Earlier in the day the Eritrean government had appeared to cautiously accept an international four-point plan to settle its bloody border row with Ethiopia, but said ``serious issues of detail'' still needed to be worked out.
Ethiopia had on Thursday accepted the plan -- brokered by diplomats from the U.S. and Rwanda -- which calls for troops from both sides to withdraw from disputed territory, for an observer force to be deployed, for the return of civilian administration to disputed areas and for an investigation into the roots of the conflict.
U.S. State Department spokesman James Rubin condemned Friday's air raids and said they had sharply escalated the conflict.
``We call on both Ethiopia and Eritrea to cease all hostilities while facilitators seek a peaceful resolution to the dispute,'' he said in a statement.
Ethiopia and Eritrea have argued peacefully over their border for years, but the dispute turned violent on May 6 with each accusing the other of invading.
The row centres on a rocky 400 square km (155 sq mile) triangle of land which both countries claim, although Eritrean forces have also crossed into territory which is indisputably Ethiopian.
Both sides have mobilised veterans of the guerrilla struggle which overthrew the Ethiopian military dictator Mengistu Haile Mariam in 1991.

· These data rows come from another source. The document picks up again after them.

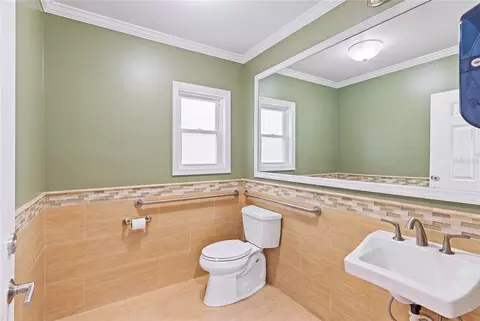Bath - 12574 Indian Rocks Rd, Largo, FL 33774 photo 1 of 1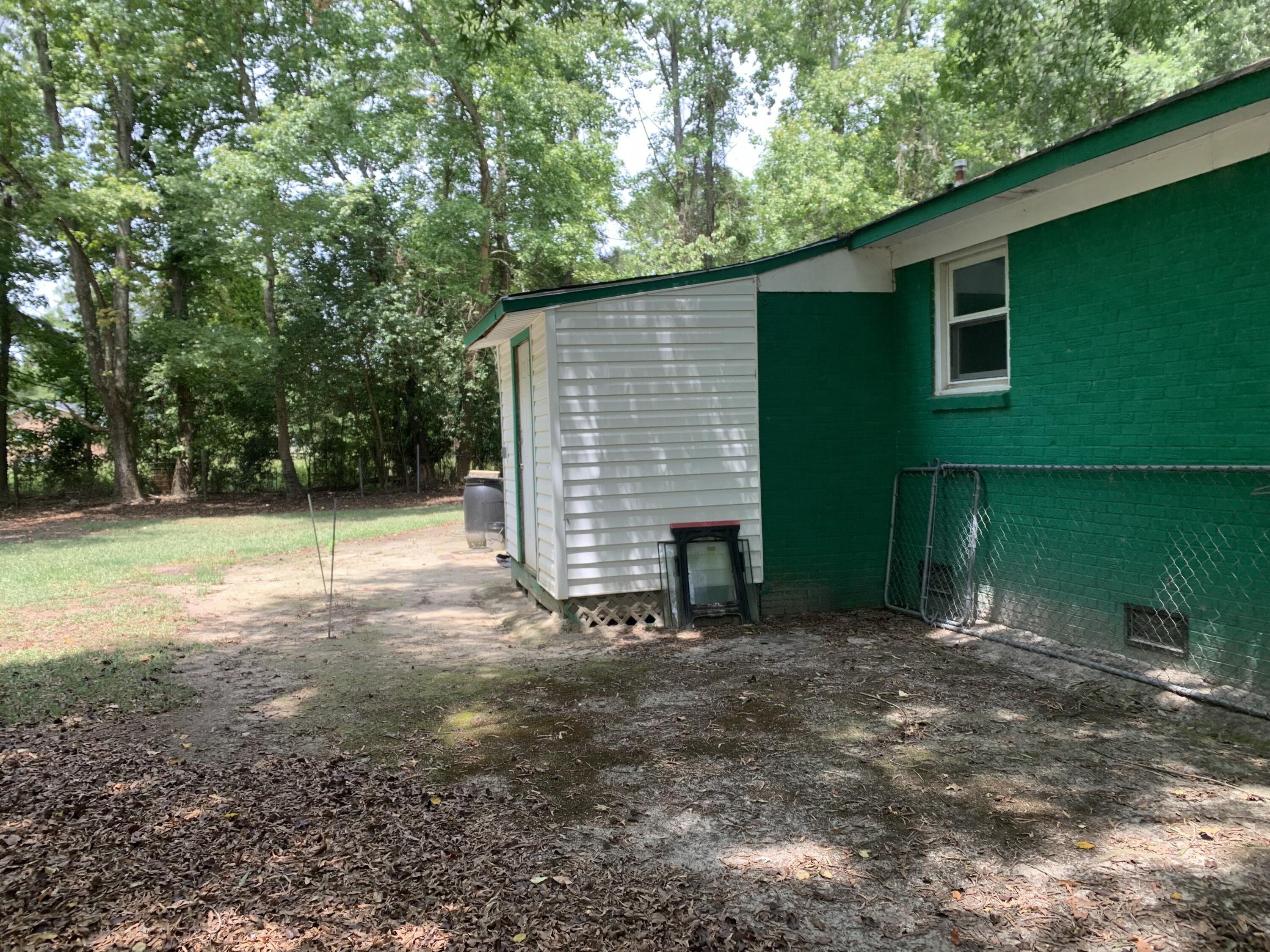 1430 Salterstown Road Sumter, SC 29153 - Photo 7 of 26 IMG_1563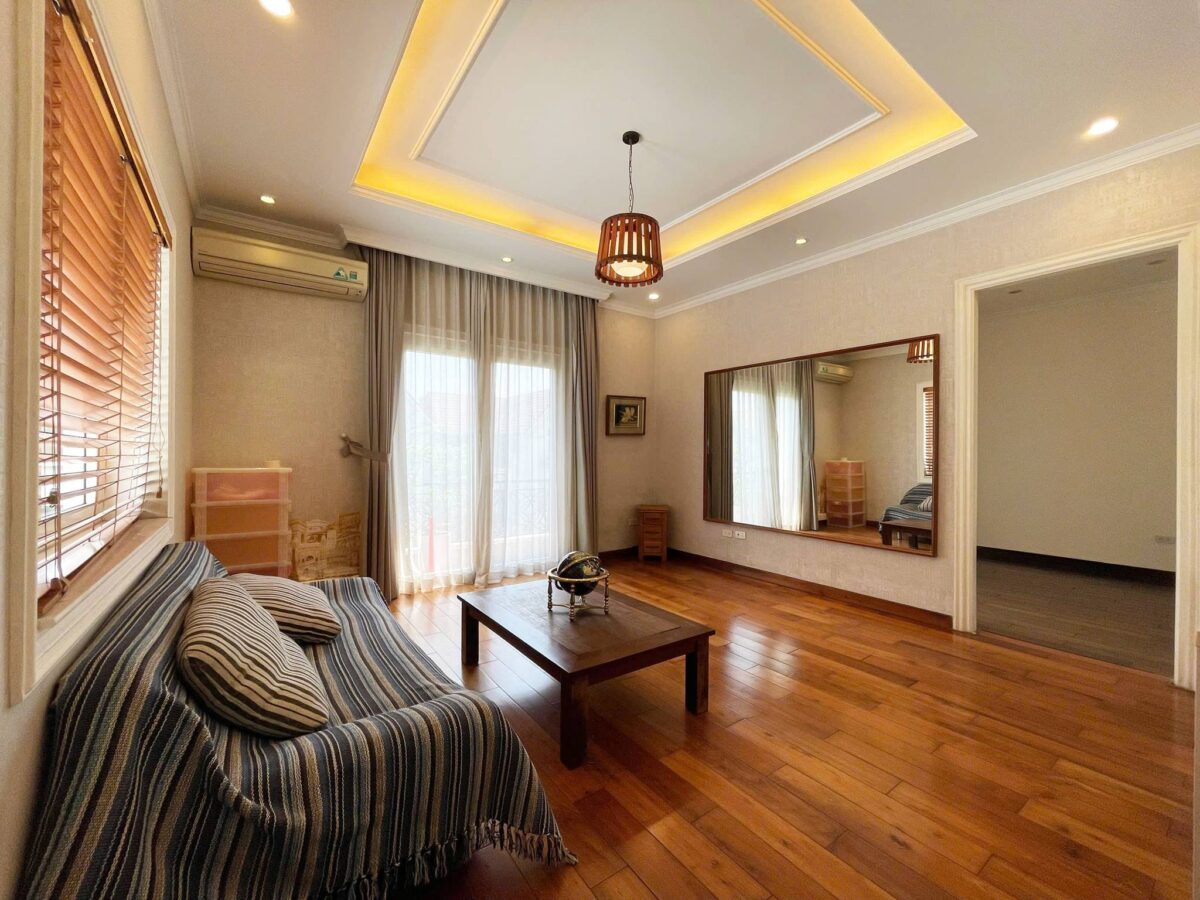 Cheap 4-bedroom villa at Anh Dao block, Vinhomes Riverside for rent (15)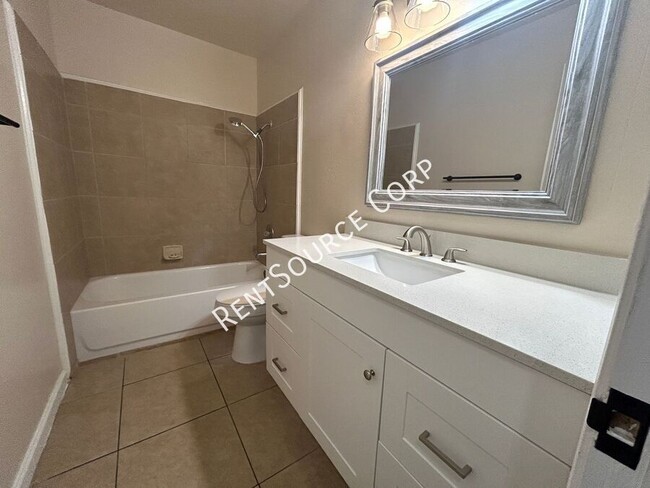 Building Photo - 2 Bedroom 1 Bathroom unit in Lancaster jus...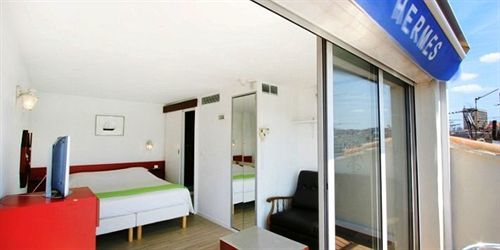 Hermes Hotel 2*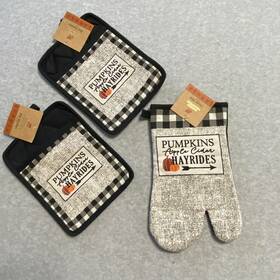 505-kps Harvest Collection Fall Oven Mitt Pot Holder Set 3 Pc Black Gray Pumpkins Hayrides Nwt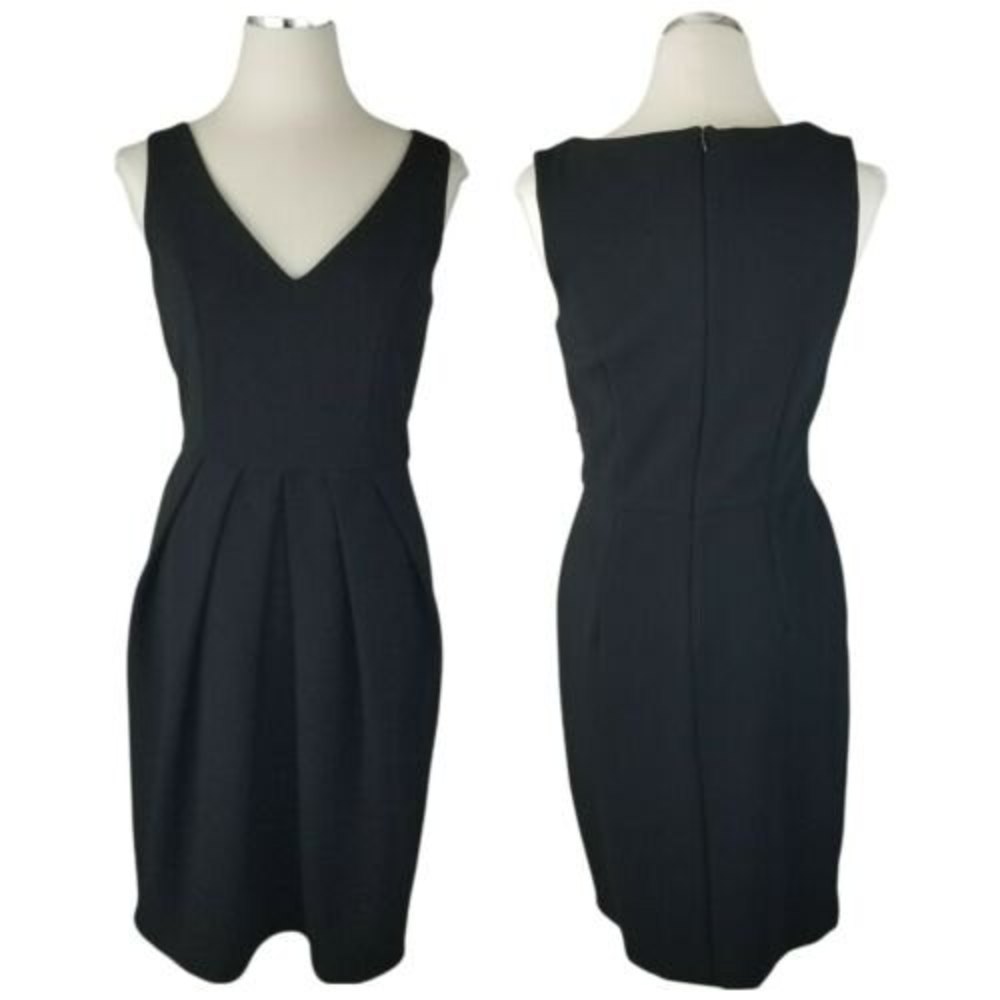 Karen Kane Black Sleeveless Sheath Dress Size Medium V-Neck Pleated Front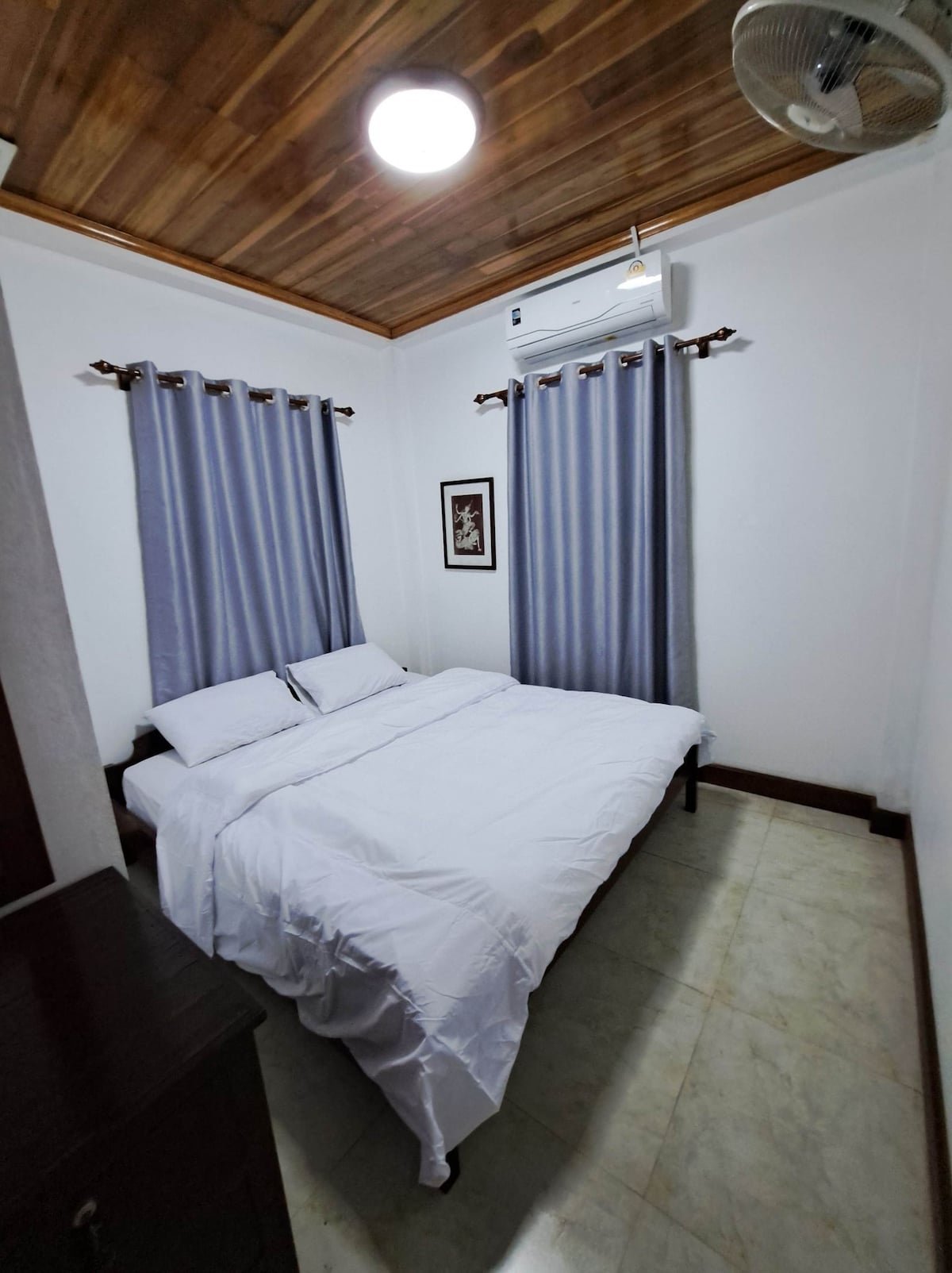 Namkhan Riverside别墅- 3张加大双人床+ 1张单人床。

Eritrea was rewarded for its efforts with independence from Ethiopia following a referendum in 1993 and the two countries were on friendly terms until the border disagreement turned violent.
Ethiopia has told Eritrea to cut the size of its embassy in its capital Addis Ababa to three and has given all other diplomats until Sunday to leave.
Libyan leader Muammar Gaddafi has proposed deploying troops from Libya and other Saharan African states in the disputed border areas, Libyan state-run television reported.